Dalam survei baru -baru ini terhadap 5.000 wanita di AS yang menerima implan payudara, atau bahwa mereka sedang mempertimbangkan, ditemukan bahwa wanita lebih kecil kemungkinannya untuk minum alkohol dan asap daripada populasi umum. Young mengatakan para wanita ini memiliki frekuensi tanda depresi yang lebih rendah daripada penerima implan AS generasi sebelumnya dan wanita dalam studi Eropa.

“Rata -rata wanita yang mencari pembesaran payudara saat ini menikah dengan dua anak, memiliki berat badan yang relatif normal, dan lebih kecil kemungkinannya untuk merokok atau minum daripada populasi umum,” kata Young, yang memimpin Komite Payudara Masyarakat Amerika untuk Bedah Plastik Estetika. “Sebagian besar wanita ini terlihat sangat senang dengan seluruh tubuh mereka.
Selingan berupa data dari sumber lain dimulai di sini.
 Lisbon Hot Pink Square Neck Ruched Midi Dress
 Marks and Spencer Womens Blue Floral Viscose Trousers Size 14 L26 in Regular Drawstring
Mereka mungkin mengalami penurunan harga diri yang terkait dengan ukuran payudara mereka, tetapi secara umum ketidakbahagiaan mereka dikoreksi oleh operasi.”

Per Salenn Boylesdirevisi oleh Michael W. SmithMd

Sumber: Jacobsen et al. Archives of Internal Medicine, 13 Desember 2004; Vol 164: pp 2450-2455. Joseph K. McLaughlin, PhD, Presiden, Institut Epidemiologi Internasional, Rockville, Md.; Profesor, Pusat Medis Universitas Vanderbilt, Nashville, Tenn. David B. Sarwer, PhD, Asisten Profesor Psikologi dalam Psikiatri dan Bedah, Pusat Kinerja Manusia, Sekolah Kedokteran Universitas Pennsylvania. Leroy Young, Direktur Pelaksana, Ketua, Komite Borchalurgia, Masyarakat Amerika untuk Bedah Plastik Estetika.